What the exercise asks. Scan the material that follows for lines with "heart". Answer with how many there are, nothing else.

Data supplied.
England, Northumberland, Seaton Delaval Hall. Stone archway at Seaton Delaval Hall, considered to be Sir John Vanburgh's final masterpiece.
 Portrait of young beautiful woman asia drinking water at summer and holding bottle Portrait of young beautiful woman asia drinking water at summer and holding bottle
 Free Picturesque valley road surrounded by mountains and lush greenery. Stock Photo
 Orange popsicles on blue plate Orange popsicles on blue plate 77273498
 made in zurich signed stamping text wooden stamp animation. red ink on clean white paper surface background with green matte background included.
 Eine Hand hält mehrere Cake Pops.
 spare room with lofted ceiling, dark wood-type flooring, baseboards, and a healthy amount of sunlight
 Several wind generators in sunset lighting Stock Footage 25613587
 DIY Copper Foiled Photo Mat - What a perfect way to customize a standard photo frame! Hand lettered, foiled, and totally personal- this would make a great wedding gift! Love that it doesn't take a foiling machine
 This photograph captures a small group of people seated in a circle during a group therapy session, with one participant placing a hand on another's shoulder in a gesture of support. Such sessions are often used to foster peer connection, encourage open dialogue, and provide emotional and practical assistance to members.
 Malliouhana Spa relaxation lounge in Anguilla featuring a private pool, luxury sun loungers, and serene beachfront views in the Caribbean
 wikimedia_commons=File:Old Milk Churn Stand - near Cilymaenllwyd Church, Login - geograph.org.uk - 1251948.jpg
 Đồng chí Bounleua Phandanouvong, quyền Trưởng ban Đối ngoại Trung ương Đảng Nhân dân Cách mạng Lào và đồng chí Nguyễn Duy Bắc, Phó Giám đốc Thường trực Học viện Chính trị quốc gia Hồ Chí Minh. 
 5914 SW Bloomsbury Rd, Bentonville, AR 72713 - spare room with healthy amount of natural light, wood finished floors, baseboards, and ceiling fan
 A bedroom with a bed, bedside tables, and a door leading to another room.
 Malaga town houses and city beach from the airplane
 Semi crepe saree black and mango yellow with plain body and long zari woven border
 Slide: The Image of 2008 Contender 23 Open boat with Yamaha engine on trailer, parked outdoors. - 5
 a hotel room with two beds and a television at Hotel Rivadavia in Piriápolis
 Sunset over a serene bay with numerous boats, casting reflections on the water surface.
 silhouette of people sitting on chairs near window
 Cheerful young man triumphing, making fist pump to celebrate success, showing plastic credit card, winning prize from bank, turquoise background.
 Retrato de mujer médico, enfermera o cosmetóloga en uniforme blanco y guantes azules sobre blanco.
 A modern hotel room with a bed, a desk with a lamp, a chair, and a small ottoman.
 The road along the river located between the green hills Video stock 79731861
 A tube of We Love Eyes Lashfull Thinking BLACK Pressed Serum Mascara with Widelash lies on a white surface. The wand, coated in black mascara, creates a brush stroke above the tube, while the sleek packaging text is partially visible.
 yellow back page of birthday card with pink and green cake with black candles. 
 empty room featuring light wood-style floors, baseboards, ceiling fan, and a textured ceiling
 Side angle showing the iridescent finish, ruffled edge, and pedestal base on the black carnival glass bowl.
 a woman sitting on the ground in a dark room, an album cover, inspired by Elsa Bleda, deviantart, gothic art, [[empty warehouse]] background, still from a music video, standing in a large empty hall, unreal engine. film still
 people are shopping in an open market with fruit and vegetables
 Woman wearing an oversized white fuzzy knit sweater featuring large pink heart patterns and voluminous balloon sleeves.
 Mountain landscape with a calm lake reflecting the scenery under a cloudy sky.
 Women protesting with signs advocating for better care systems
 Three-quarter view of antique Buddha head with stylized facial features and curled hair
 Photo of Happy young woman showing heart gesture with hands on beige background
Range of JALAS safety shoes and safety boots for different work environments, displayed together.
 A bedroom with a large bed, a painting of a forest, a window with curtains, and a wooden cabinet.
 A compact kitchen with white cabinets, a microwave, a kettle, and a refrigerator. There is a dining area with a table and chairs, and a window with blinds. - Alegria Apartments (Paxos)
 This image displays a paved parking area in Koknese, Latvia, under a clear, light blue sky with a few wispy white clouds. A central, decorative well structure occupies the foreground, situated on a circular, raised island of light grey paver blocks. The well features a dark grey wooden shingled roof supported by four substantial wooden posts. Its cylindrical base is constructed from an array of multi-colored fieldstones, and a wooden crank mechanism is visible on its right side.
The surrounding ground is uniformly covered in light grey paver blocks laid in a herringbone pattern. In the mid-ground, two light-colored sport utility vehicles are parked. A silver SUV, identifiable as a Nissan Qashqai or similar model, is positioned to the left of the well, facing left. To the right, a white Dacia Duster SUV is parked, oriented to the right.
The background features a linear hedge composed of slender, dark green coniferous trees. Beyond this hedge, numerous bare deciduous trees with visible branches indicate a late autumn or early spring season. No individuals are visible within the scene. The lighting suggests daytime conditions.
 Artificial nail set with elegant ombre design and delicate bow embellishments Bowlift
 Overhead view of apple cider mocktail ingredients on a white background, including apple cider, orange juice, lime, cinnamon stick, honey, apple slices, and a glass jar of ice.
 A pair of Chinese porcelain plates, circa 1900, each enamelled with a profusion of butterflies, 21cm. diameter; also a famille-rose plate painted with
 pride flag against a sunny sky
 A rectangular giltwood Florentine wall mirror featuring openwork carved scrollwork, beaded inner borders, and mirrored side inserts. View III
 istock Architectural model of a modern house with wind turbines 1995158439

Solution to the problem. 2